12. The system for generating a morphological atlas as claimed in claim 11, wherein the membrane segmentation processor includes a machine learning processor arranged to process the 3D images of the embryo to create a discrete distance map representative of the positions of the membranes within the 3D images.

13. The system for generating a morphological atlas as claimed in claim 12, wherein the machine learning processor uses a distance aware neural network trained to determine the positions of the membranes within the 3D images with the pixel location of the membranes.

14. The system for generating a morphological atlas as claimed in claim 12, wherein the membrane segmentation procedure further includes the steps of a seeding procedure and a watershed segmentation procedure to segment the 3D images into the membrane segments.

15. The system for generating a morphological atlas as claimed in claim 12, wherein the cell identification processor is arranged to combine the nucleus lineage information and the membrane segments to identify the embryonic cells and cavity within the 3D image.
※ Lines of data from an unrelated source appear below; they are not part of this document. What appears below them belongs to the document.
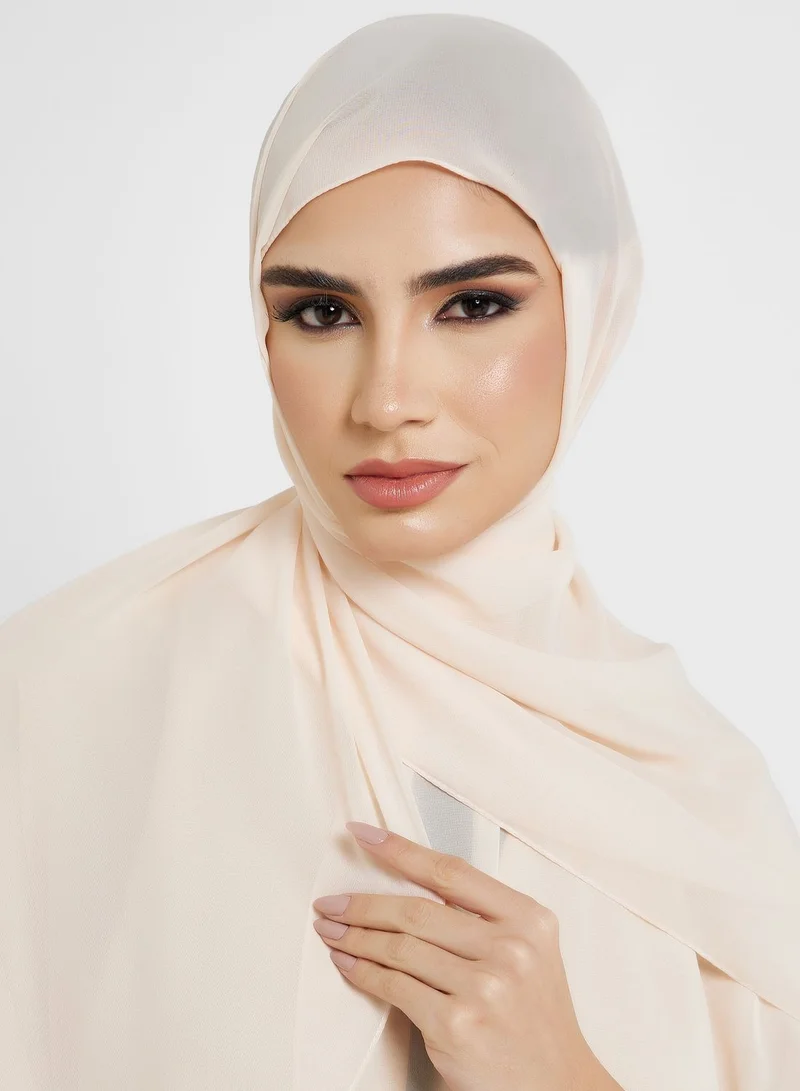 Khizana Embellished Sleeve Detail Abaya With Sheila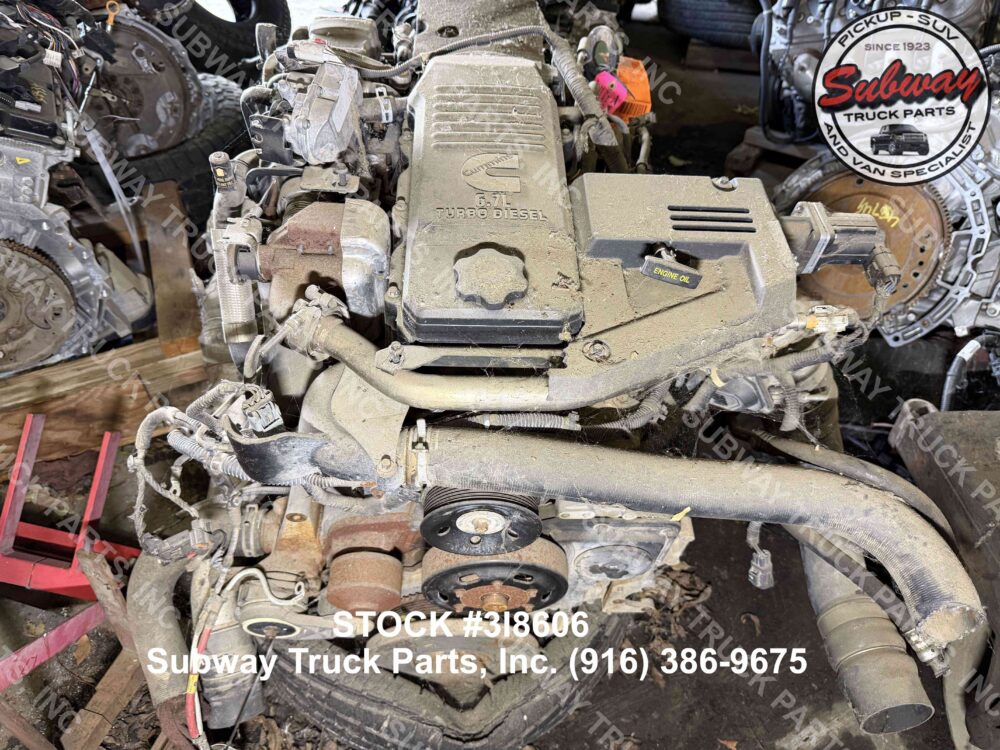 5 Used 2012 Dodge Ram 3500 Engine Assembly 6.7L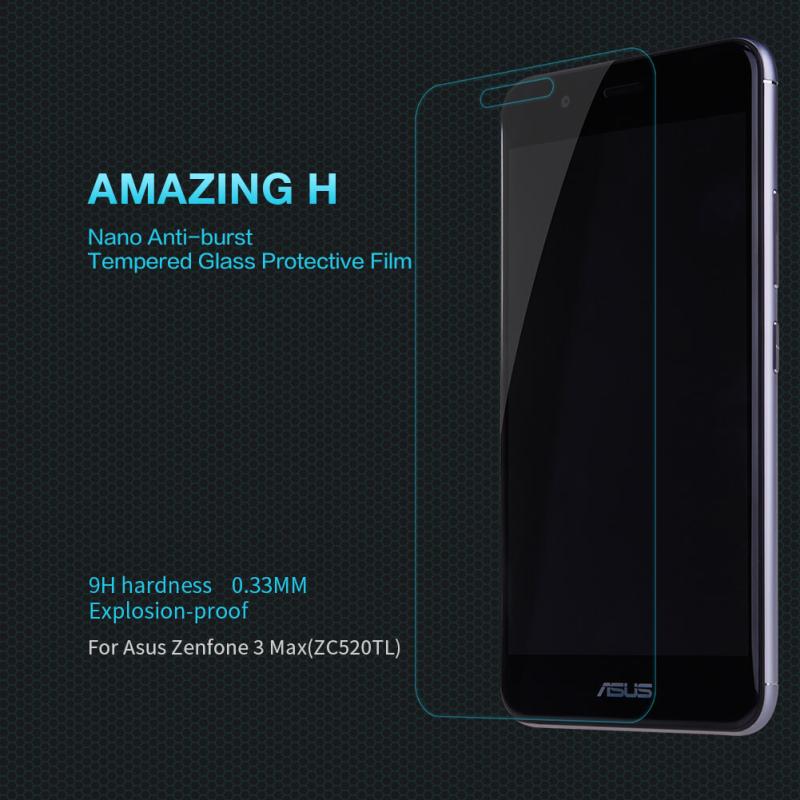 Nillkin Amazing H tempered glass screen protector for Asus Zenfone 3 Max ZF3 (ZC520TL) order from official NILLKIN store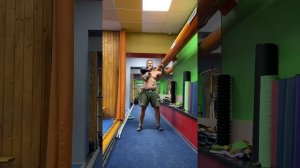 Тренировка с одной гирей 24 кг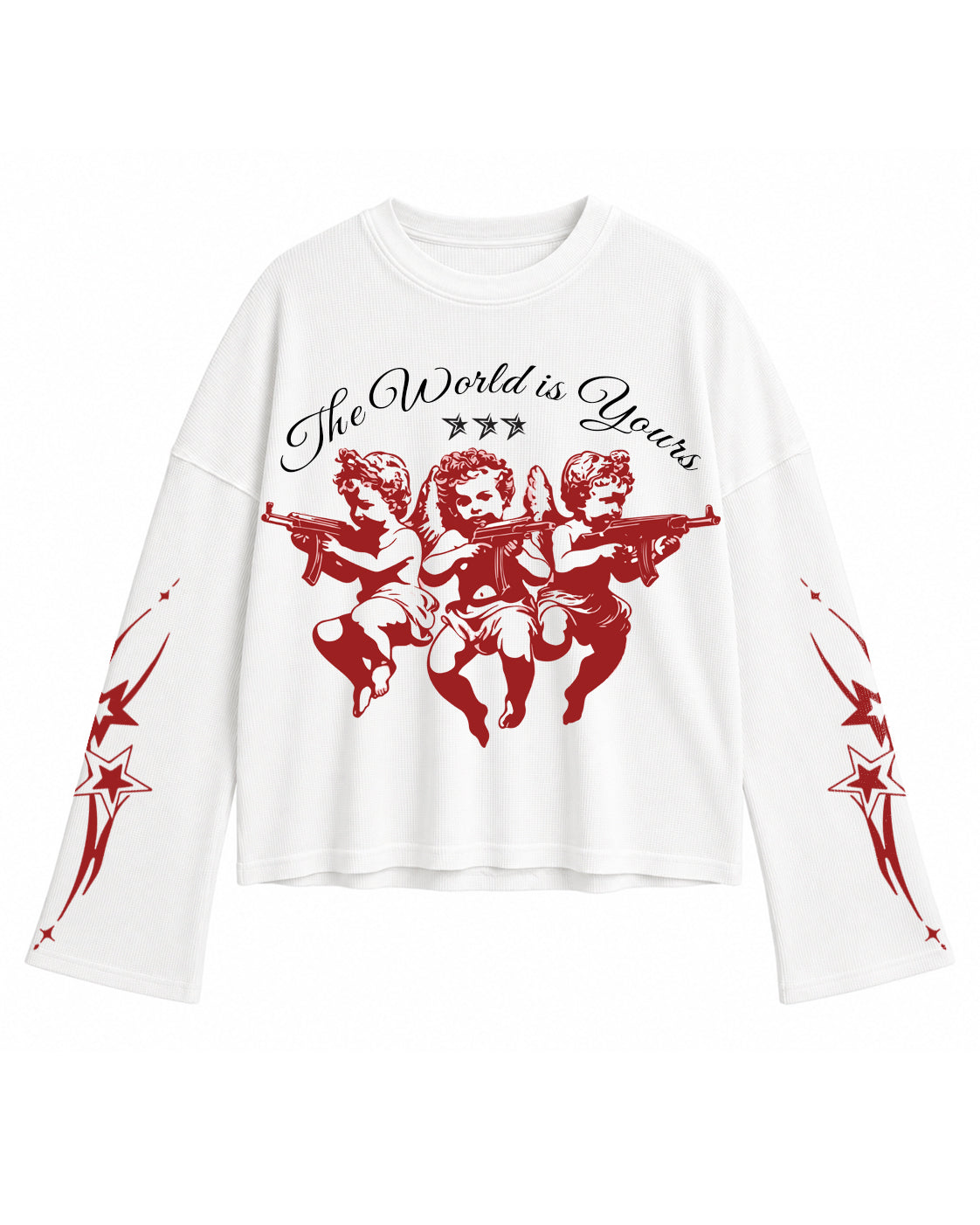 Heaven's Rebels Graphic Waffle Tee
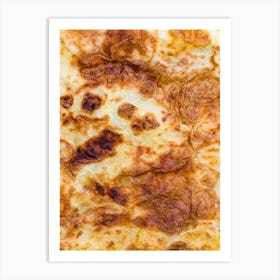 Close Up Of A Fried Bread Art Print
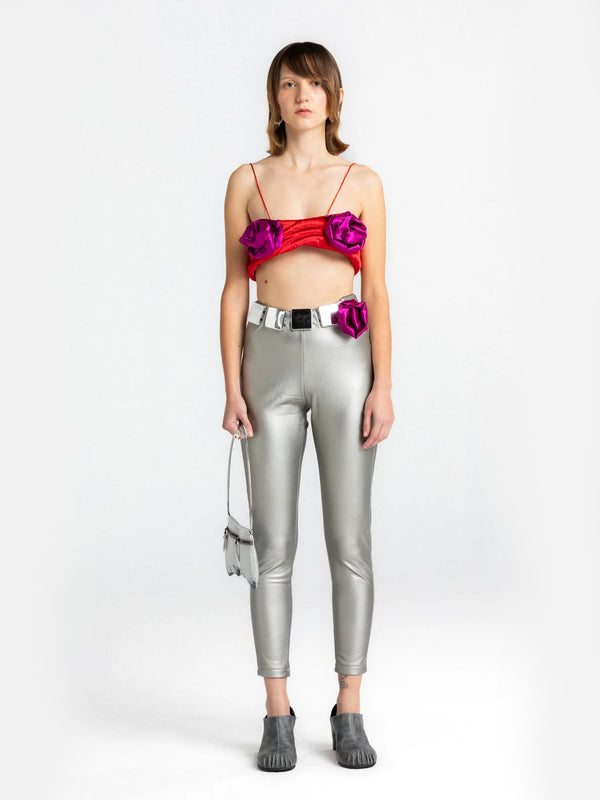 Rose Metalic Maxi Tights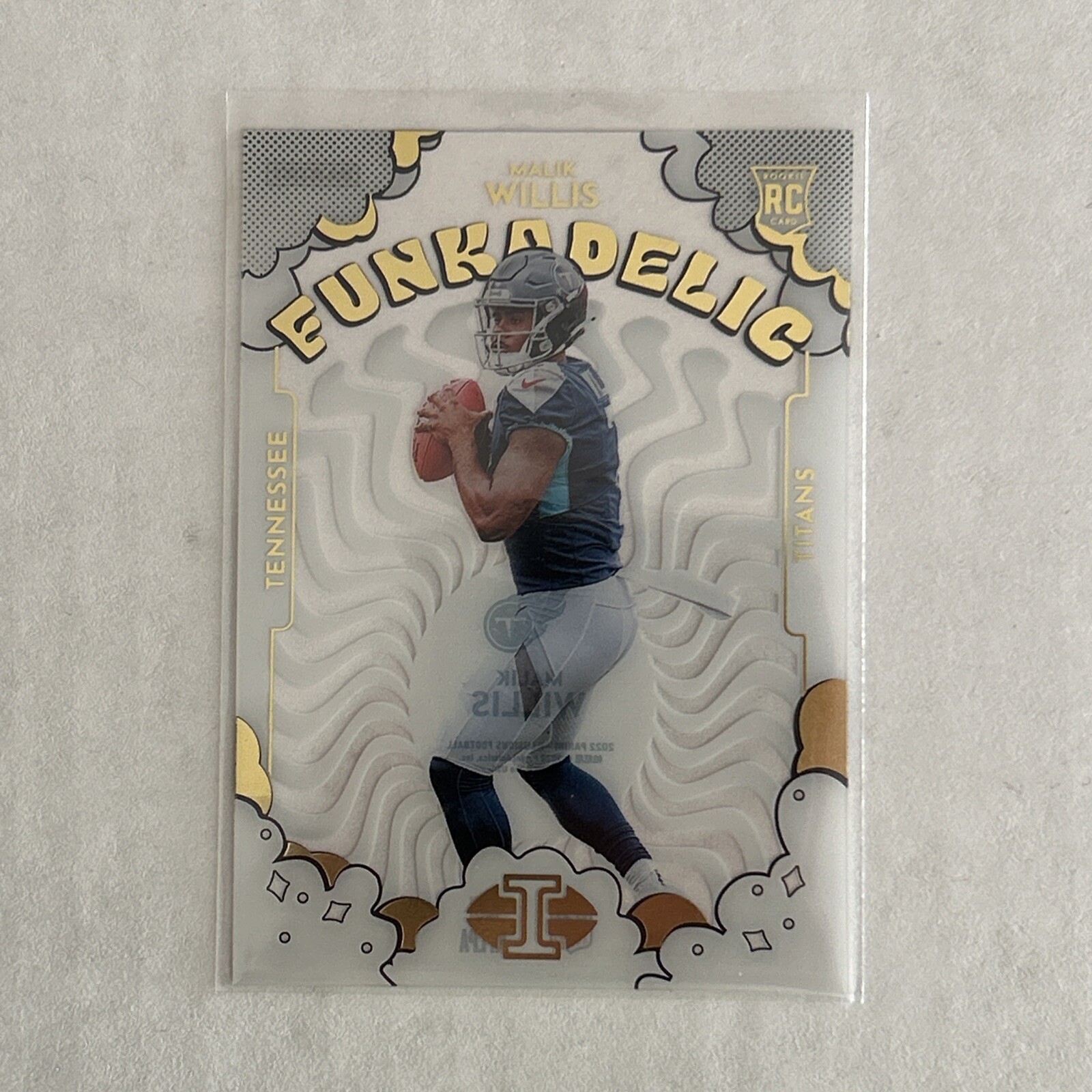 2022 Panini Illusions Malik Willis #F-18 Funkadelic Rookie RC Tennessee Titans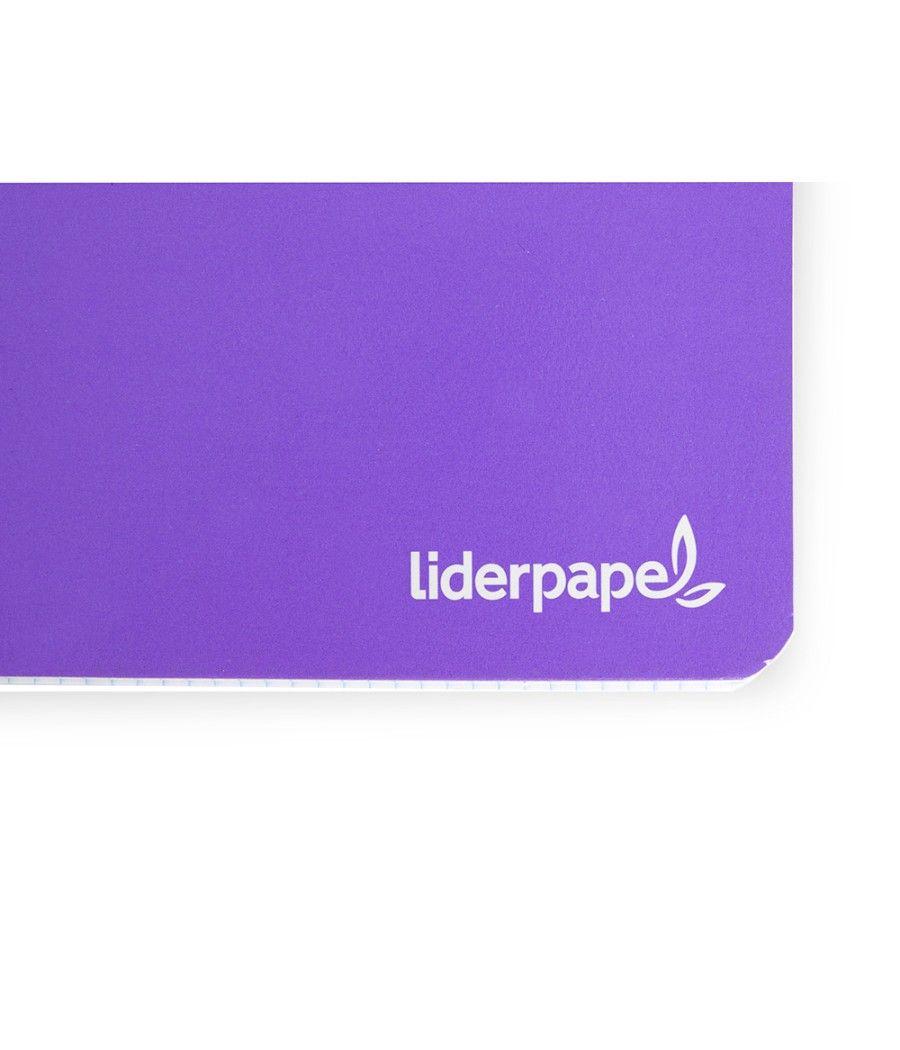 Cuaderno espiral liderpapel folio smart tapa blanda 80h 60gr cuadro 4 mm con margen colores surtidos - Imagen 4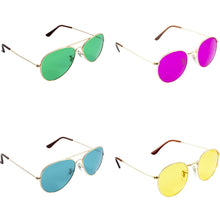 Load image into Gallery viewer, 10 Colors Set Therapy Mood Glasses,Migraine Glasses Light Therapy Chakra Healing Glasses Chromotherapy Colored Lenses SunGlasses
16. The system for generating a morphological atlas as claimed in claim 12, wherein the cell identification processor is arranged to combine the nucleus lineage information and the membrane segments to devise cell shape, cell size, cell-cell contact, or any combination thereof.

17. The system for generating a morphological atlas as claimed in claim 16, wherein the nucleus lineage information, the membrane segments, cell shape, cell size, cell-cell contact, or any combination thereof, is presented as the morphological atlas of the embryo undergoing the morphological process from the first predetermined cell population to the second predetermined cell population.

18. The system for generating a morphological atlas as claimed in claim 11, wherein the first predetermined cell population is 4, and the second predetermined cell population is 350.

19. The system for generating a morphological atlas as claimed in claim 11, wherein the embryo is a Caenorhabditis elegans embryo.

20. The system for generating a morphological atlas as claimed in claim 11, wherein the embryo is a Caenorhabditis elegans transgenic strain that expresses a GFP fluorescence marker and/or an mCherry fluorescence marker in the nuclei and/or membranes of the embryonic cells.